Ogni volta che si avvicina una scadenza elettorale è giusto domandarsi perché. Cosa cerchiamo, cosa speriamo, a cosa miriamo con un voto, con quel voto. Prima del 6 e 7 giugno ci porremo la domanda in alcune centinaia di milioni di europei, visto che da quella data uscirà la nuova composizione del Parlamento di Bruxelles. E dunque, perché? Influire sulle prossime normative sull’agricoltura? Spingere nella direzione di una politica estera comune? Dare un esempio alle nuove generazioni continentali di quel che le vecchie hanno saputo costruire? Messa così, la faccenda sembra destinata ad un vicolo cieco. Sinceramente: può un europeo razionale pensare che il suo voto possa concretamente determinare qualcosa dell’agricoltura o della politica estera? E d’altra parte in molti nutrirebbero dubbi anche sull’esemplarità della laboriosissima costruzione comunitaria. L’Europa del dopoguerra è sempre stata un misto di grandiose speranze, parziali realizzazioni e consistenti disillusioni, ma da un periodo ormai troppo lungo il terzo ingrediente del cocktail ne ha pesantemente alterato il sapore. L’oltraggioso rifiuto opposto alla citazione delle radici cristiane da parte di una incredibile Convenzione (nel senso proprio di non credibile, come si è visto successivamente con i referendum bocciati). Lo svuotamento dei valori e dei diritti sostanziali. L’assalto vincente delle lobbies dei “nuovi costumi”. La crescita della tecno- e della buro-crazia. Il malriuscito allargamento a Est. Davvero non sarebbe difficile andare avanti per qualche decina di righe ad elencare questioni irrisolte o risolte tremendamente male. E il voto di giugno, è bene saperlo, non cambierà le tendenze dell’Europa del XXI secolo. Di nuovo, dunque, dobbiamo chiederci perché: a cosa servirà il mio voto? Ma se questa è la domanda, le risposte sono obbligate, e sono quelle date, destinate soltanto ad accrescere il fossato tra le aspettative e la politica reale, nel migliore dei casi rinviando l’appuntamento ad un’altra scadenza, o ad un altro partito, o ad un’altra strategia.

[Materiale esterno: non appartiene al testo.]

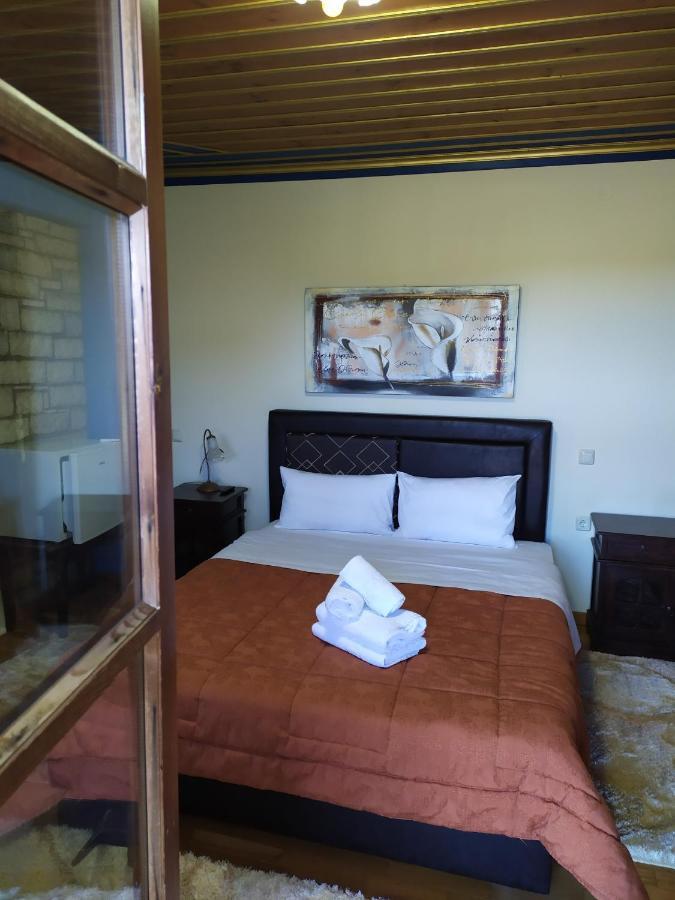 Aggelon Katafygio Hotel Asprangeloi Buitenkant foto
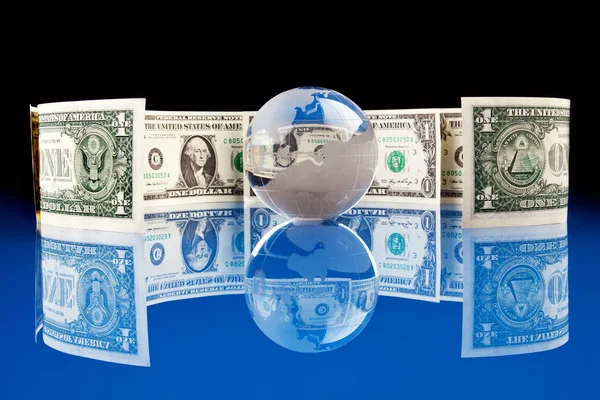 Mundo rodeado de dinero — Foto de Stock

Occorre invece un’altra domanda: quale sfida lanciano le elezioni europee, quale occasione offrono alla vita di ciascuno di noi abitanti del Vecchio Continente, quale protagonismo è possibile in un evento di simili proporzioni? Percorrendo le strade delle nostre città e delle nostre campagne la risposta si fa semplice. La libertà, la famiglia, il lavoro, l’impresa, l’educazione, la carità, l’accoglienza, la giustizia. Ogni giorno camminiamo con questo bagaglio appresso o, per meglio dire, dentro. Non solo le elezioni, ma in particolare le elezioni e quelle europee ancor più (anche per i fattori che la valentissima costituzionalista Marta Cartabia non si stanca di mai di spiegare), chiamano a “dire” della libertà, della famiglia, del lavoro e così via. Con i vicini, nei circoli culturali, nelle tavolate con gli amici, nelle aule universitarie, nelle pause caffè degli uffici. Una esperienza che si aggiri per l’Europa, ecco la formidabile provocazione che il primo week end di giugno mette nella nostra giornata (l’ho imparato in questi anni seguendo il lavoro dell’eurodeputato Mario Mauro, che spero di rivedere a Bruxelles all’indomani delle elezioni: prendetelo come un invito a votarlo, lettori del collegio Nordovest, non solo voi ma tutti gli europei che hanno a cuore l’Europa hanno bisogno di lui).



Una domanda diversa, risposte vere: l’occasione fa l’uomo protagonista.